Find coefficient of $x^ky^m$ in $(x+y-1)^n$

Question

Find coefficient of $x^ky^m$ in $(x+y-1)^n$

I have issue when in polynomial we have $-1$, or another constant.

I will explain, if we have to find coefficient $x^ky^m$ in $(x+y)^n$ then it is easy, according to multinomial theorem. It is $\binom{n}{k,m}$. if we take another example without constant in polynomial, for example to find coefficient of $x^2y^3z^4$ in $(x+y+z)^9$, it is again, according to multinomial theorem $\binom{9}{2,3,4}$.
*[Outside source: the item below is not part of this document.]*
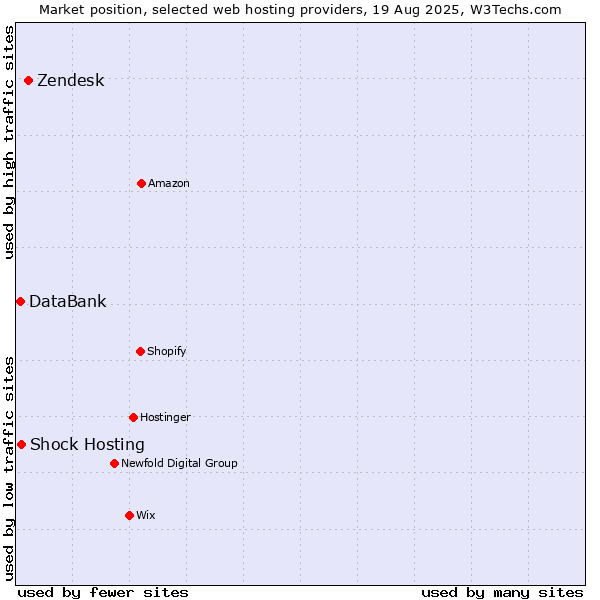 Market position of Zendesk vs. Shock Hosting vs. DataBank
However, this did not works when we have constant in polynomial, I don't understand how to make this correct here: $\binom{n}{k,m}$ in $(x+y-1)$ and not $(x+y)$.

Answer 1

Now $x^ky^m$ in the expansion of $(x+y-1)^n$ you can see it as $x^ky^m(-1)^{n-(k+m)}$ and therefore its coefficient is given by the multinomial theorem and it's $$ {n}\choose{k,m,n-(m+k)} $$ and whose sign is given by $(-1)^{n-(k+m)}$

Answer 2

Writing $(x+y-1)^n=\sum_{j=0}^n\binom{n}{j}(-1)^{n-j}(x+y)^j$, the $x^ky^m$ contribution is from $j=k+m$ if this is at most $n$, namely$$\binom{n}{k+m}(-1)^{n-k-m}\binom{k+m}{k}=(-1)^{n-k-m}\frac{n!}{k!m!(n-k-m)!}$$in that case, in agreement with @user289143.